使用日本气象研究所(Meteorological Research Institute,MRI)大气环流模式在20 km分辨率下的国际大气模式比较计划(Atmospheric Model Intercomparison Project,AMIP)试验结果以及A1B温室气体排放情景下(简称A1B情景)的预估试验数据,预估了青藏高原夏季(6-8月)降水的变化,并讨论了降水变化的可能原因。在A1B情景下,青藏高原夏季降水量显著增加,中心位于青藏高原东南部,主要归因于来自印度洋和孟加拉湾的西南水汽,经90°E-100°E附近进入高原的水汽输送显著增加。同时,整个青藏高原夏季强降水出现概率增加,降水频率南部减少,北部增加。高原南部(北部)降水频率的减少(增加)是因为该地区降水强度的增加速率快(慢)于降水量的增加速率。高分辨率MRI模式预估的青藏高原夏季降水变化与较低分辨率的耦合模式预估结果基本一致,但提供了更详细的局地变化信息。

关键词: 青藏高原; A1B温室气体排放情景; 高分辨率模式; 降水预估

本文引用格式

冯蕾 , 周天军 . 20 km高分辨率全球模式对青藏高原夏季降水变化的预估[J]. 高原气象, 2017 , 36(3) : 587 -595 . DOI: 10.7522/j.issn.1000-0534.2016.00045

Abstract

Projection of future summer precipitation change over the Qinghai-Tibetan Plateau is studied based on AMIP (the Atmospheric Model Intercomparison Project) and the A1B scenario experiment results by a 20 km high-resolution global climate model, MRI. Under the A1B scenario, the summer precipitation would increase significantly, with the biggest increasing center over the southeastern Qinghai-Tibetan Plateau. This is might attributed to the increasing southwest water vapor transportation to the Qinghai-Tibetan Plateau from the Indian Ocean and the Bay of Bengal.

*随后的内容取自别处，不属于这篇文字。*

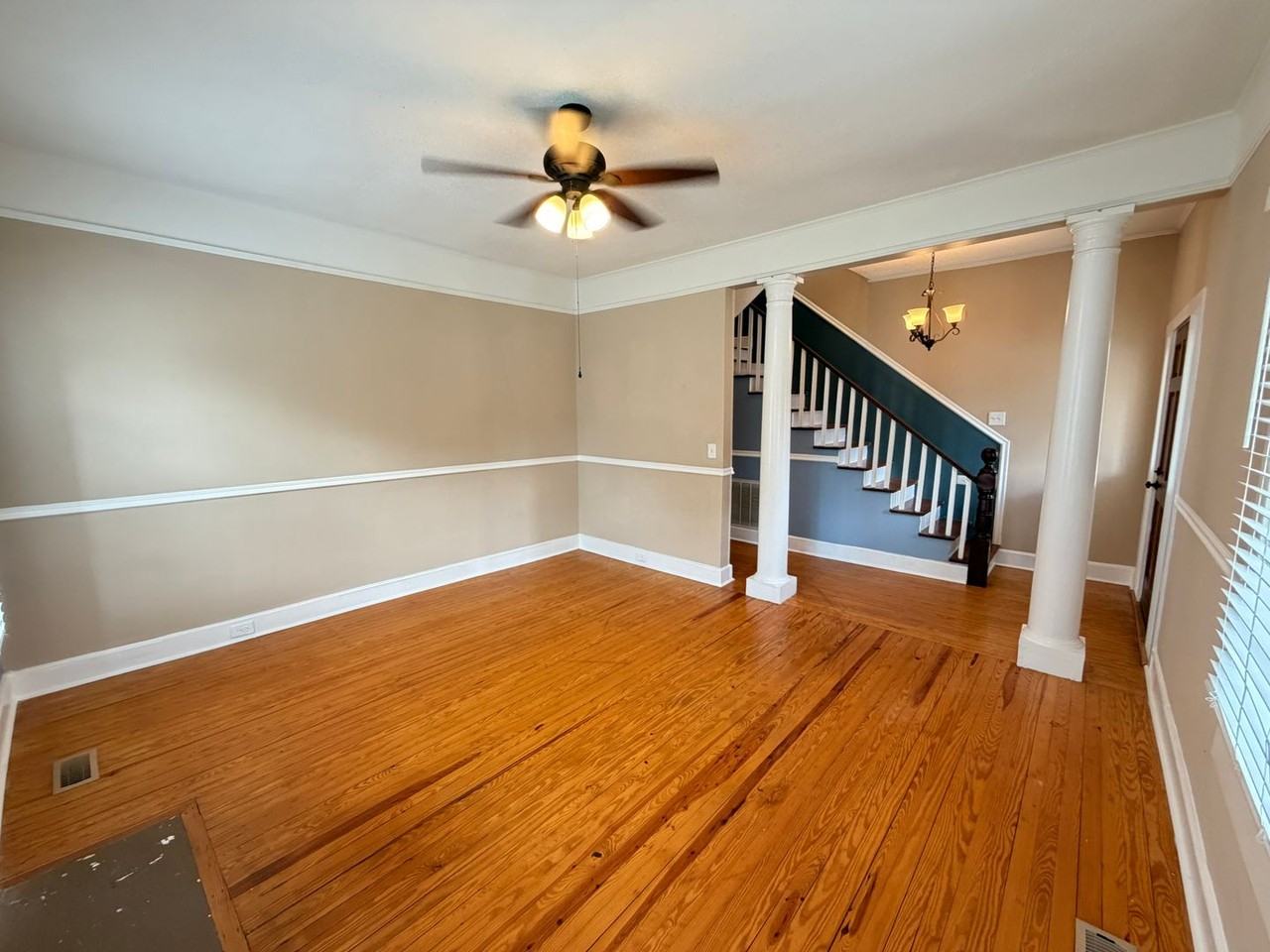 106 S East Ave - Photo 4 of 33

The probability of summer precipitation with high intensity is projected to increase over the whole Qinghai-Tibetan Plateau. The summer precipitation frequency over the southern (northern) Qinghai-Tibetan Plateau would decrease (increase), as the increasing rate of precipitation intensity is faster (slower) than that of precipitation amount over the southern (northern) Qinghai-Tibetan Plateau. The precipitation change over the Qinghai-Tibetan Plateau projected by the high-resolution MRI model is almost consistent with coupled models with low-resolution, except for the detail information provided.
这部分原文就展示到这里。